I
“Estás por fim cansado deste mundo antigo
Pastora ó torre Eiffel o rebanho das pontes solta balidos nesta manhã”
Guillaume Apollinaire, “Zone” in “Alcools”, 1913
No segundo verso de “Alcools” Guillaume Apollinaire transforma a torre Eiffel – emblema da modernidade – numa pastora que guarda as pontes do Sena: o “mundo antigo” (a “Ilustração Portuguesa” designa-o como “velho mundo”) cansa mas ainda perdura. Por isso no dia 2 de agosto de 1914 os mobilizados desfilam nas ruas com os pés no presente e a cabeça no passado, embriagados de heroísmo, exaltados pela propaganda, gritando “Para Berlim!”, esperando uma vitória imediata: regressarão para as vindimas. É urgente libertar a Alsácia e a Lorena, ocupadas pela Prússia em 1870, dar aos alemães uma lição definitiva, combater para as invasões acabarem…

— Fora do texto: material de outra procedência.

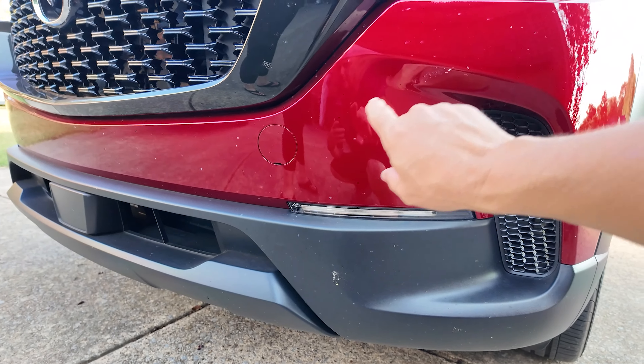Under the hood you get the Skyactiv-G 2.5-liter engine with cylinder deactivation — it shuts down cylinders when it doesn't need the extra torque and cranks them back up when it does. Mazda gave it a nice cover too, great presentation. Everything is accessible and clean — not like spaghetti wiring. You can easily find the battery, airbox, windshield wiper fluid, and coolant right in front of you.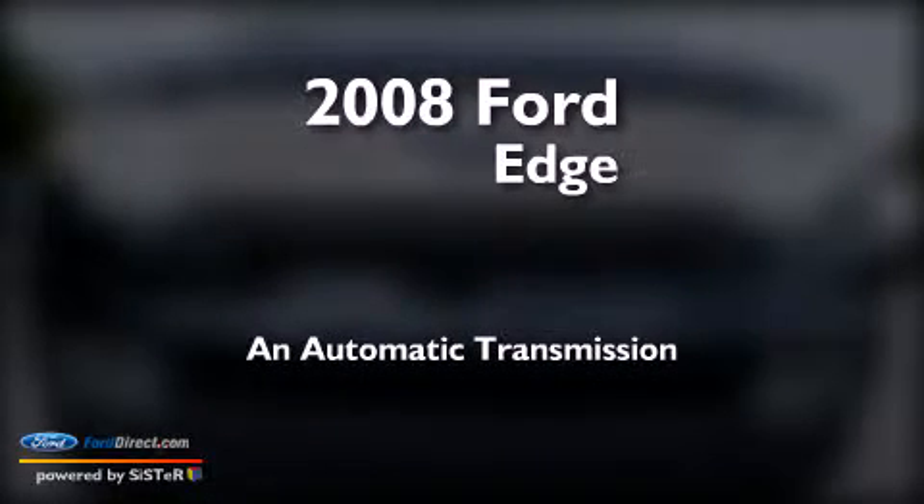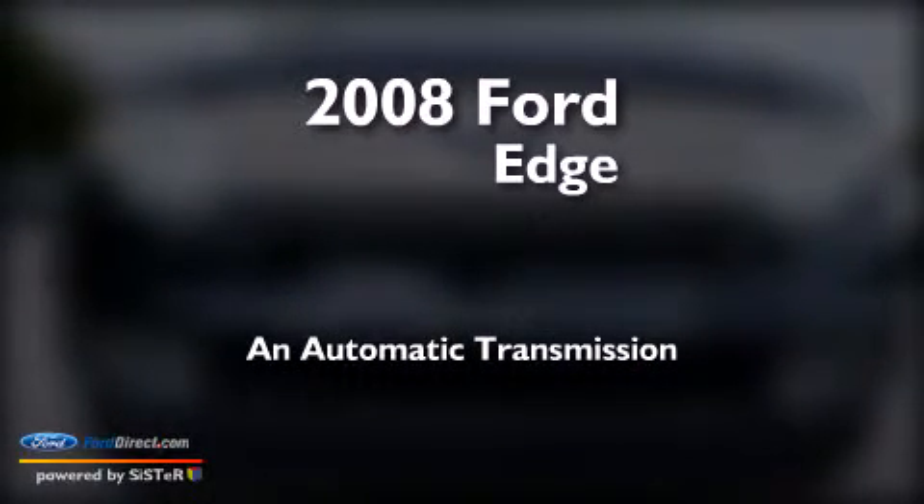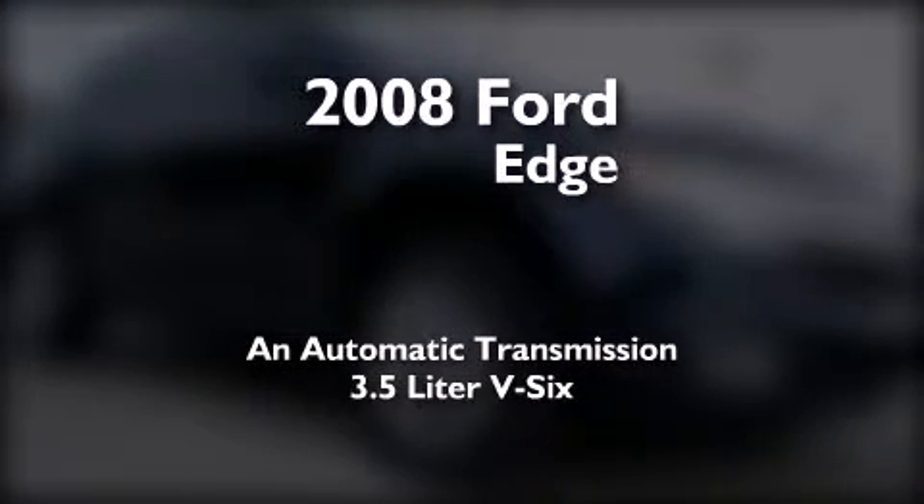This is a 2008 Ford Edge. This crossover has an automatic transmission and a 3.5 liter V6.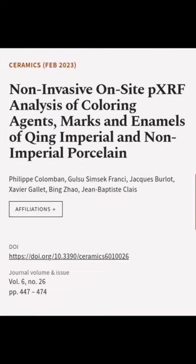This article was authored by Philippe Columbin, Golsu Shinczek-Francie, Jock Berlitt, and others.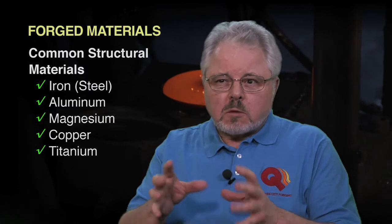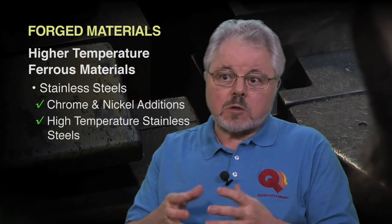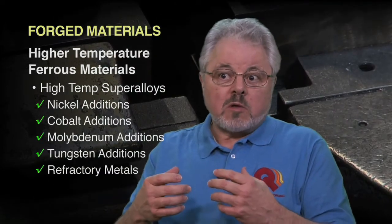All forged at different temperatures, all forged with slightly different variations of the forging process. As we go up in temperature, we go to ferrous materials that have additions of chrome and nickel, which become stainless steels, some of them higher temperature stainless steels. Then we go on to nickel-based alloys — nickel, cobalt, molybdenum, tungsten — other things added together to make high temperature materials, even refractory materials designed to operate where they're literally glowing red hot. All of these things can be forged.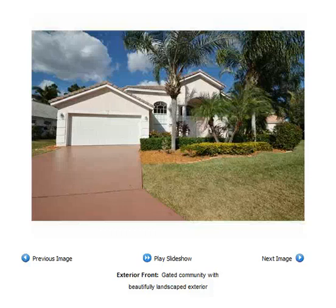Hello, this is Marybeth Cantwell, also known as The Home Dock. Today I'd like to show you a beautiful four-bedroom pool home located in Palm Beach Gardens, Florida, in the prestigious gated community Bent Tree. This impeccably maintained home offers four bedrooms and a den.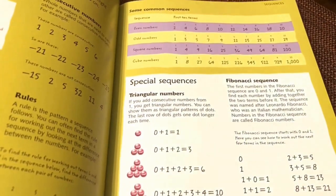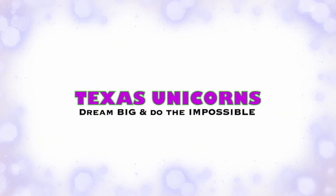And you love math, so you are going to love to read these books.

Porém nada sucedeu como calculavam. Não arrebataram o capacete do imperador, a guerra prolongou-se para além das previsões e, pior do que isto, não coincidiu com as imagens que levavam na mochila, porquanto sonhavam com a bravura do combate corpo a corpo (a guerra antiga) mas foram mortos ao acaso e à distância numa escala para eles impensável (a guerra contemporânea). Houve gases, foram gaseados. Houve granadas, morteiros, metralhadoras, artilharia complexa, tanques, zepelins, aviões de combate – o que, entre os soldados franceses, veio a dar 1.357.800 mortos, 537.000 prisioneiros e desaparecidos, 4.266.000 feridos entre os quais meio milhão de inválidos e mutilados, cegos, loucos, estropiados, “gueules cassées” (rostos desfigurados), para além do aniquilamento perene de espaços habitados e de um vasto território, tanto terrestre como marítimo, poluído com cadáveres, bombas, tóxicos, metais, causando danos ecológicos que continuam hoje – e no futuro continuarão – a ser nocivos.
Houve quatro anos de trincheiras. “O soldado na trincheira/ não passa duma toupeira/ vive debaixo do chão” (Versos de um fado.) Quatro anos passados longe das famílias, das suas vidas e das suas noivas, na neve, na chuva, no som dos canhões, no risco permanente das bombas e dos ataques, a respirar gases mortíferos, no terror de serem enterrados vivos, no horror dos pedaços de corpos, no cheiro desta carne – homens e animais – decomposta, vendo os ratos devorar os cadáveres, atacados pelos mesmos ratos, infestados com pulgas, piolhos, percevejos, escorregando em lamas de sangue e tripas, ficando semanas sem dormir, sem poderem lavar-se, mudar de roupa, descalçar as botas, vendo morrer os companheiros aos milhares… “Ah Deus! Como a guerra é bonita”, escreve Guillaume Apollinaire entre inversão, provocação e “bellus horrendus”. O combatente não passa sobretudo de “carne para canhão” e, sendo impossível identificar pedaços de vísceras, é então inventada esta figura heróica: o soldado desconhecido. Não era bem a glória à qual os mobilizados aspiravam…
Para não concluir nada, no dia 11 de novembro de 1918 houve um Armistício que, parecendo fechar “la der des ders”, a última de todas as guerras, monstruosa demais para ainda haver outras: conduziu de imediato à seguinte.